The trustee's power to avoid a fraudulent transfer under Sec. 548 preserves the Bankruptcy Code's policy of ensuring a rata ble distribution of assets to creditors of the estate. Section 550(a) supports this policy by imposing liability on three potential entities, namely the initial transferee, the entity for whose benefit the transfer was made, and subsequent transferees. As to the first two, liability is absolute. Subsequent transferees, on the other hand, are not liable if they took for value, in good faith, and without knowledge of the voidability of the transfer. These provisions reflect the decision of Congress to favor legitimate creditors of the estate over those who have no claim to the debtor's assets, but who have nevertheless received the benefit of them. While such a transferee may well be innocent, so are the creditors.
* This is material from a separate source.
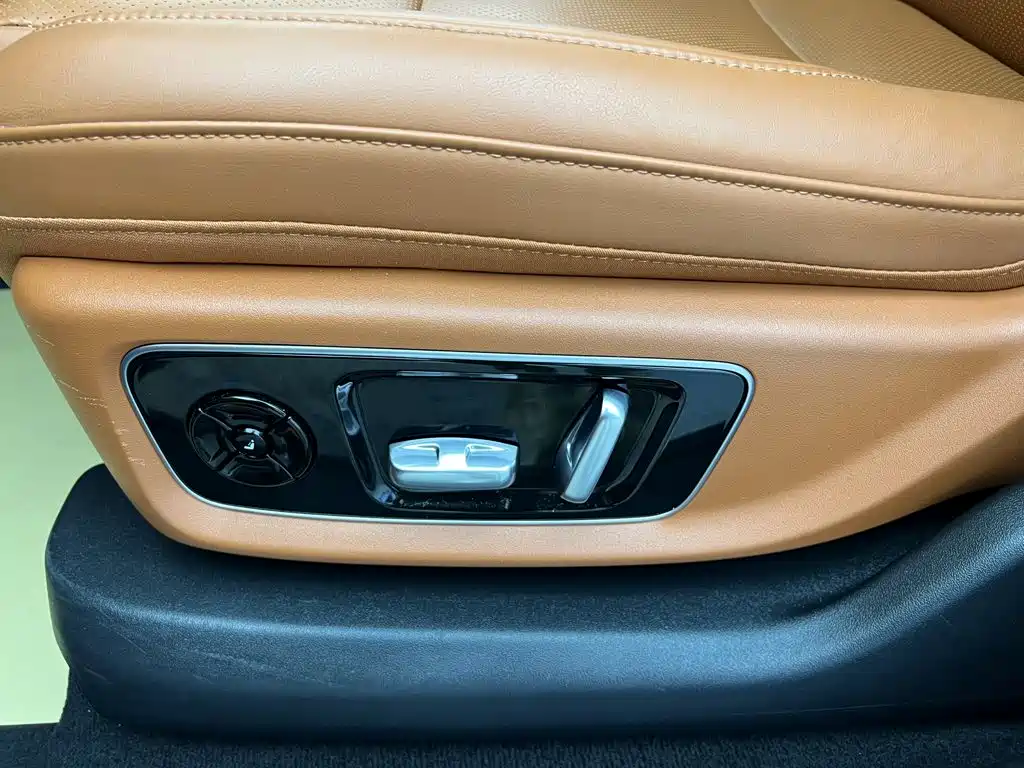 Li Auto Li L9 — миниатюра 50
[T]he unwinding of the situation by requiring the return of the money to the Trustee takes away from no one anything to which that person is entitled. Holding that the Trustee may recover simply places all the parties in the position where they were before the wrongful transfer took place. Sec. 550 puts the parties in the same position they occupied before the fraudulent transfer occurred.
In re Nordic Village, Inc., 915 F.2d 1049, 1056 (6th Cir.1990), rev'd on other grounds 503 U.S. 30, 112 S.Ct. 1011, 117 L.Ed.2d 181 (1992.)
Balanced against these bankruptcy considerations is the need to observe certain commercial conventions. The same policy considerations behind the holder in due course and bona fide purchaser doctrines are preserved by See. 550(b), which provides subsequent transferees with a defense. This places the burden of inquiry and risk on the initial transferee, who is in a better position to monitor the debtor. In re Presidential Corp., 180 B.R. 233 (9th Cir. BAP 1995).
Initial Transferee. The policy and structure of Sec. 550(a) are uncomplicated and straightforward. However, problems arise when, in a given situation, the court deems it more equitable to favor the recipient of the transfer over creditors of the estate. In re M. Blackburn Mitchell, Inc., 164 B.R. 117, 123 (Bankr.N.D.Cal.1994). To protect itself from strict liability, the Hilton contends that it was not the initial transferee. Rather, it asserts that the initial transferee was Arlynn, and that the debtor's payment of Arlynn's debt in reality constituted a loan or transfer to Arlynn. In support of its position, the Hilton directed the Court's attention to Arlynn's affidavit and a portion of the debtor's ledger, which reflects payments to and from Arlynn during the period surrounding this transaction. The Hilton offered these documents in response to the trustee's motion for summary judgment, on the fraudulent conveyance issue. The Hilton did not offer the ledger at trial, nor did it proffer any testimony relating to the debtor's accounts. There being no evidence before the Court to support the Hilton's contention that Arlynn reimbursed the debtor for the transfer, this argument fails.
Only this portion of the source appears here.